According to certain commentators, if one tells the markets the size of a firewall, how much will be available, what the collateral will be and the amounts to be lent, the people working against Government agencies will know how much they will need to attack currencies, as occurred previously. Is the firewall large enough? The funding that will be required by Ireland, Spanish banks and, potentially, the Spanish sovereign is in question. People wonder whether a sum of €500 billion will be enough. If we tell the markets that this is the amount being put up, they can claim it is not enough. If the ESM was allocated a banking licence, it would have the firepower of the European Central Bank available to it. According to commentators, the bank's funding can be limitless, if it so chooses. Owing to the German psyche and political circumstances, however, there appears to be no willingness to take that route. If the fund needs to be increased, will the governors of the ESM have the authority to do so? Must it revert to the parliaments which passed this type of legislation? Will each country's parliament have a veto? What happens if a country says "No"? My reading of the legislation is that this process must be unanimous with Ministers, who are the governors. If it must be unanimous among governors, does it also need to be unanimous within all the member states?
There is a question regarding the inviolability of ESM staff with regard to prosecution. I understand this is the case with other lenders of last resort, specifically the IMF. Does this meet with other international norms or the provisions of other international treaties? There is a similar question regarding tax exemptions. Are the tax exemptions similar to those in place for other personnel?
There are a couple of quotes which are very relevant to where we are as a Continent. It has been said, specifically about Spanish banks, that a short-term fix could store up longer-term problems. Spanish banks took ECB money and may well use it to buy more government debt. That is what can be described as the loop of doom, with weak banks propped up by weak sovereigns and falling value. That must be broken. If we do not break that cycle, who knows where we will end up.

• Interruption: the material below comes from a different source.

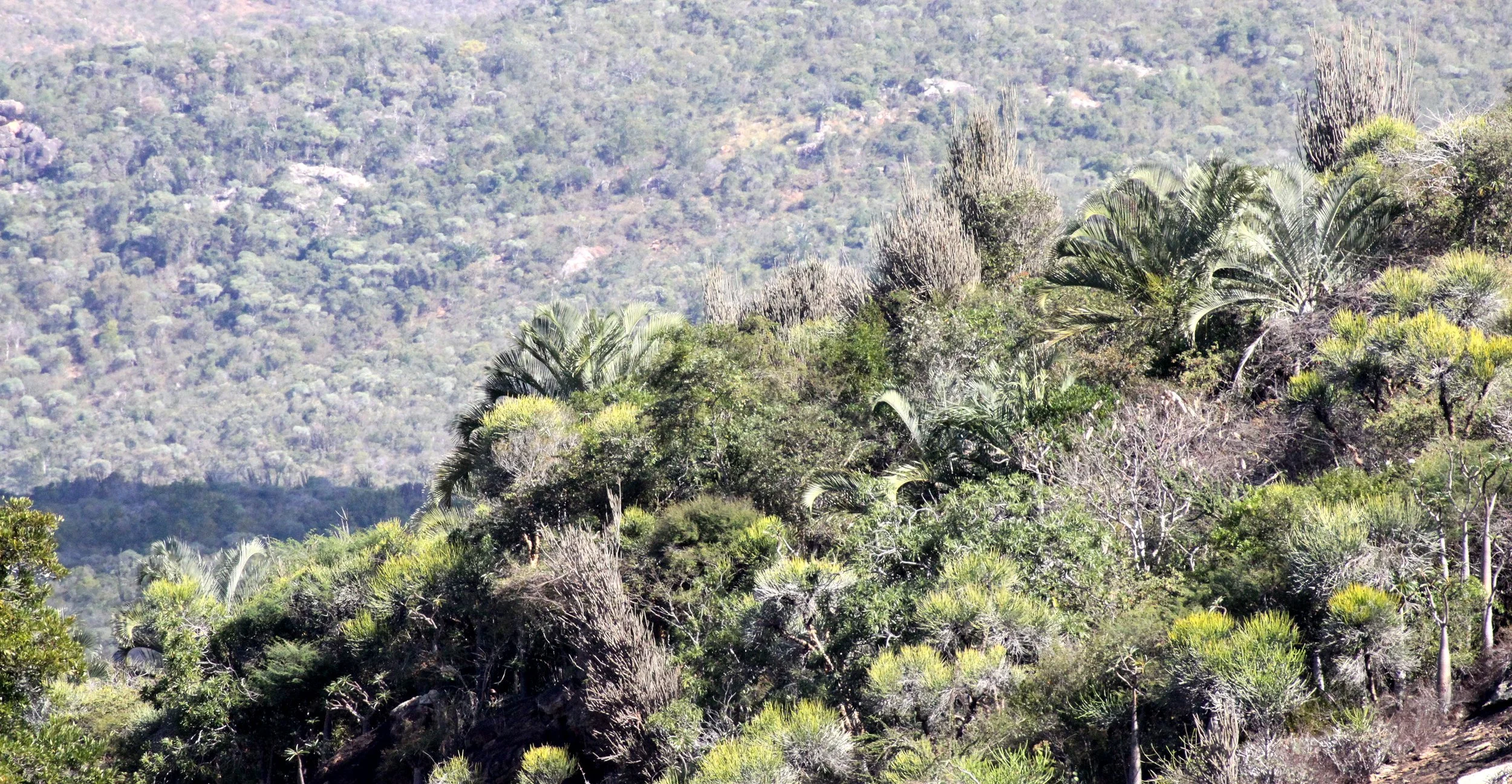 ANDOHAHELA NATIONAL PARK MADAGASCAR - VIEWS (2).JPG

There may be geopolitical consequences in this process that we cannot yet predict. There was only one world war in the last century, as opposed to two, as World War I was paused for a little over 20 years because one of the nations became impoverished. Europe has been shown to be more savage than any other continent in fighting wars, and unless the ECB and government institutions sort out these issues once and for all, we do not know where this will end. I do not say that lightly.